As retailers prime their websites for the surge in web traffic this weekend, there’s one important factor they must prioritize: Their ransomware response plan.
The FBI and U.S. Cybersecurity and Infrastructure Security Agency (CISA) have recently issued a ransomware advisory. This follows on from multiple ransomware attacks during previous Holiday periods.
CISA and the FBI recommend maintaining vigilance against the multiple techniques cybercriminals use to gain access to networks, including:
- Phishing scams, such as unsolicited emails posing as charitable organizations.
- Fraudulent sites spoofing reputable businesses—it is possible malicious actors will target sites often visited by users doing their holiday shopping online.
- Unencrypted financial transactions.
While the agencies of the U.S. government have urged organizations to identify IT security staff who can be on call in the event of an attack, there are other issues that need to be considered.
They issues are drawn out by Simon Jelley, a ransomware expert at Veritas Technologies. Jelley has provided a step-by-step guide to help retailers quickly resume business as usual if attacked, without having to even consider paying the ransom or tap additional IT talent amid today’s labor shortage.

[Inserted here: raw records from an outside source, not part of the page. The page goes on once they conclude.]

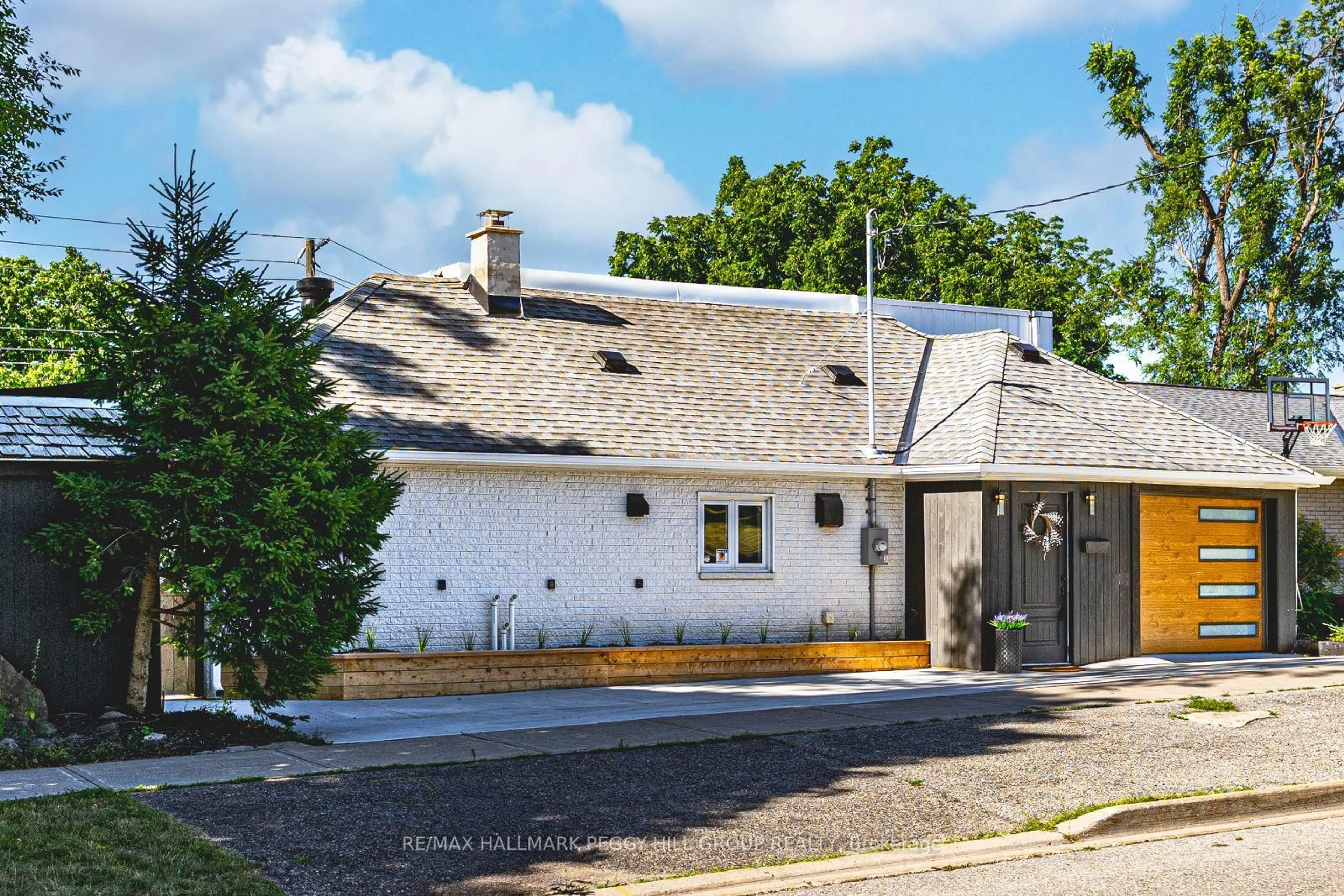 Unknown for 425 Codrington St, Barrie Ontario L4M 1S9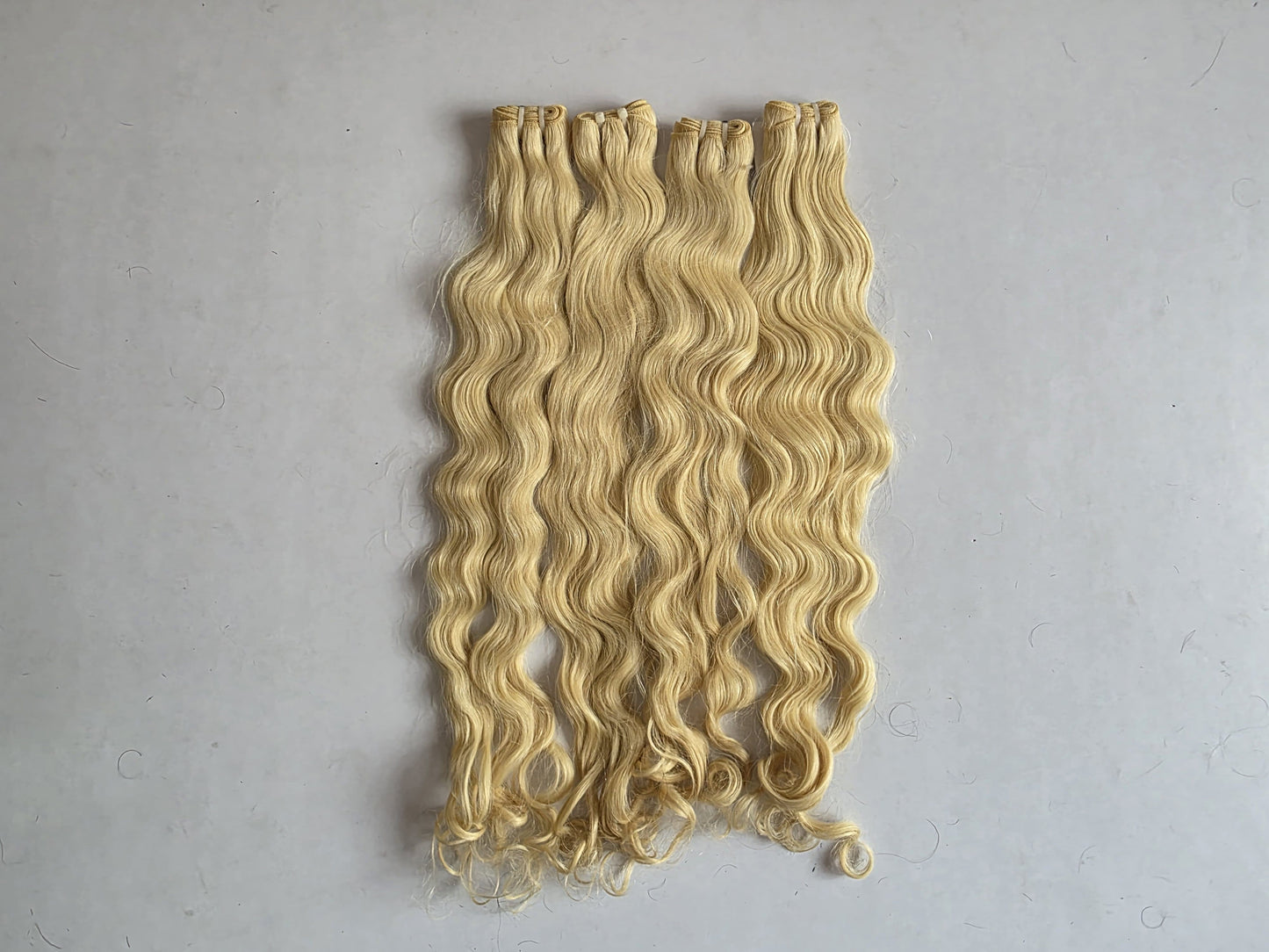 Blonde wavy (Raw Indian Hair)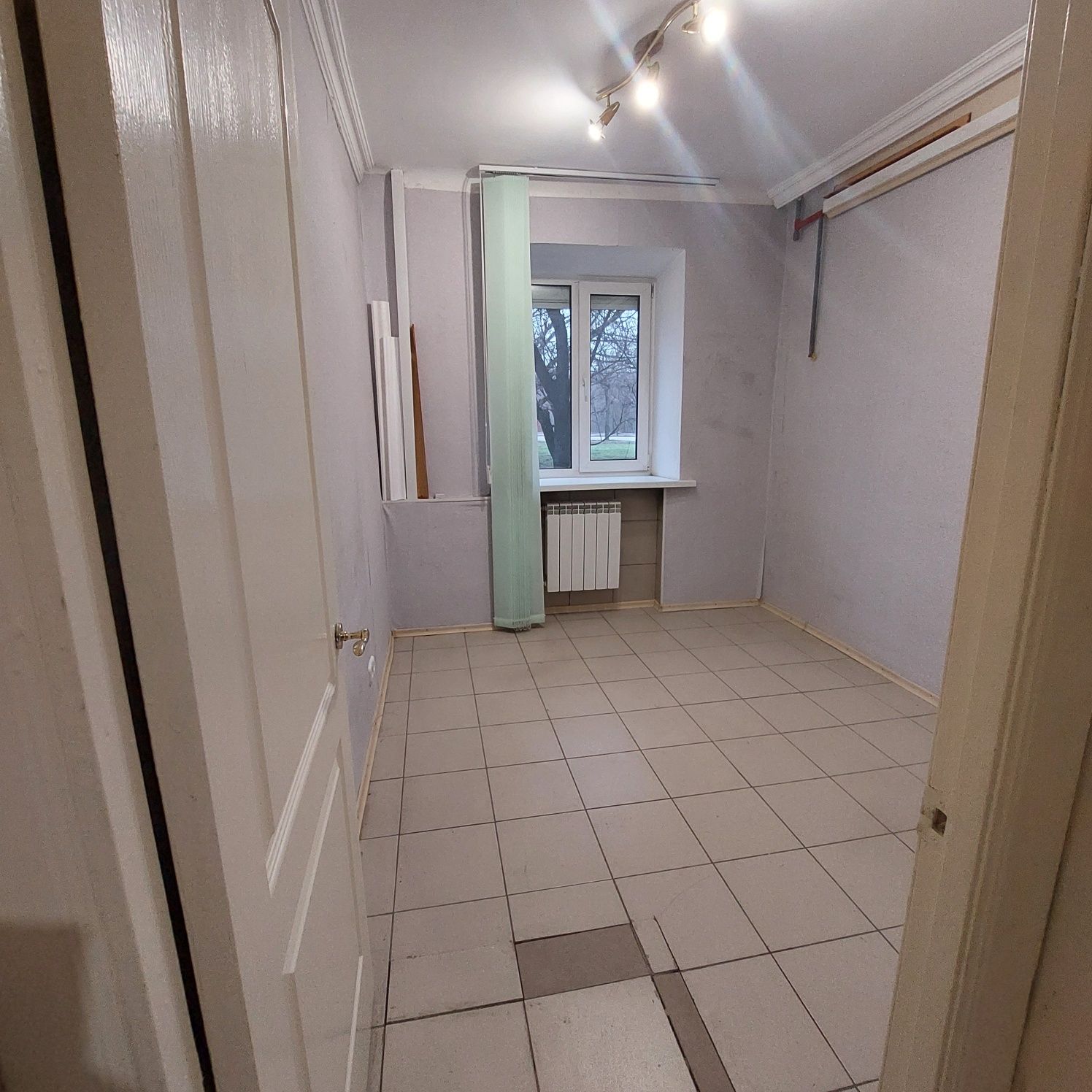 Аренда коммерческого помещения 35м.кв. Голосеевский проспект 100/2.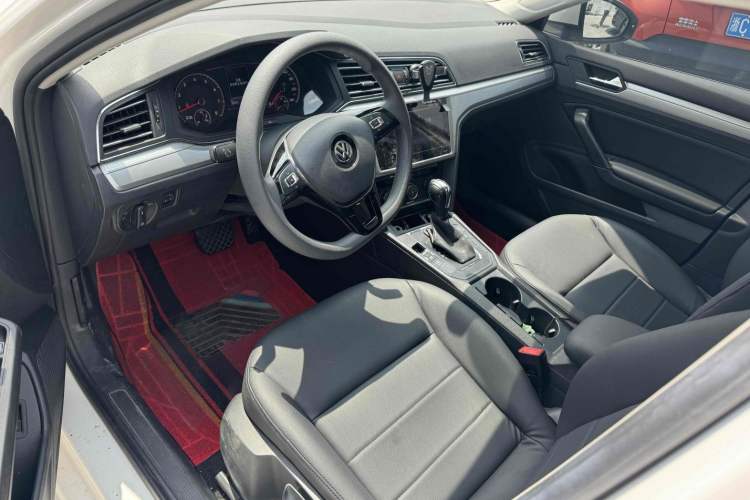 Used Volkswagen Lamando 2021 230TSI DSG Fashion Edition
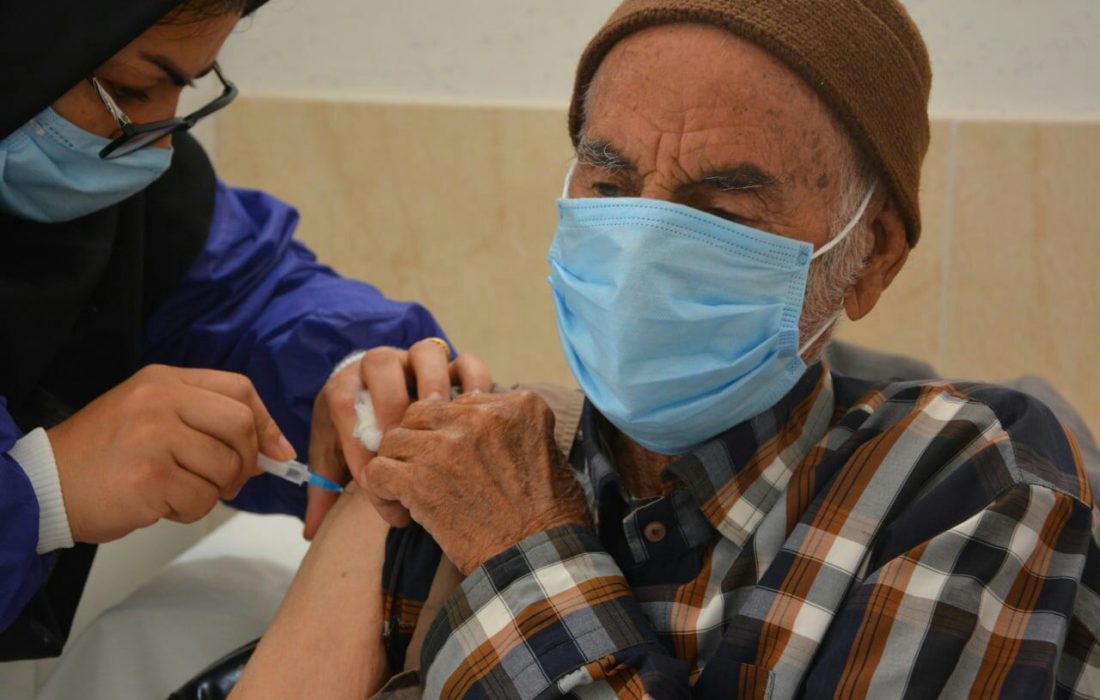 زمان واکسیناسیون سالمندان کمتر از ۸۰ سال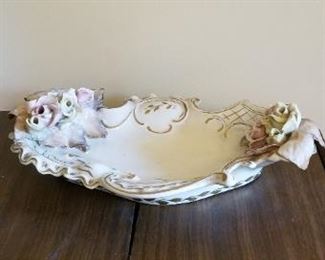 #26 capodimonte rose tray 13 x9x 3.5. $20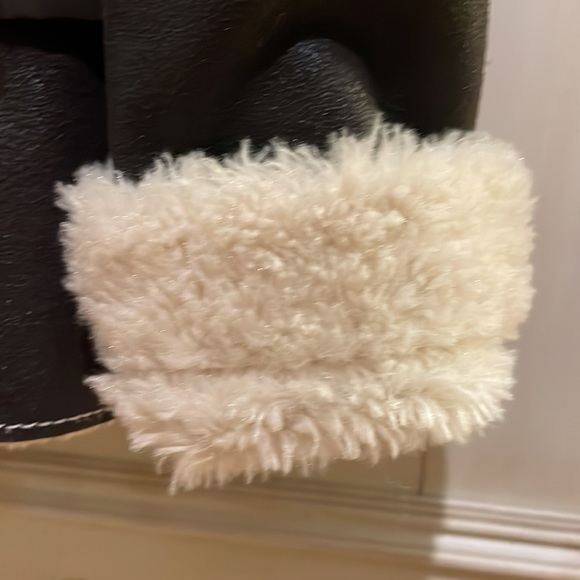 Brown Creenstone Winter Coat (European Brand) - Picture 8 of 15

The essential points from Jelley are:
Centralize your data backup
This will help ensure all your data is protected and backed up, eliminating the protection gaps that may be present without centralization.
Strengthen the resiliency of your centralized data backup
Harden it against ransomware attacks by encrypting data at rest and in transit, using digital certificates and integrating a PKI, using strong authentication and user roles, leveraging containers for an easy patch management process, and implementing anomaly detection to detect potential ransomware.
Develop a plan for when a crisis strikes
Even after implementing the above, it’s still necessary to develop a plan for when an attack happens. Being proactive and creating a plan will help you react appropriately and expeditiously in the event of an attack, thereby limiting the effects and scope of the crisis.
Test and test again
It’s critical that you test your protection strategy before a disaster event like ransomware happens. This includes drilling your ransomware recovery plan outlined above.
Educate employees and business leaders
Taking the time to educate yourself, your leaders and company employees about the risks and signs of ransomware can help not only prevent an attempted ransomware attack, but detect a successful one early, potentially preventing it from even getting near your data backups.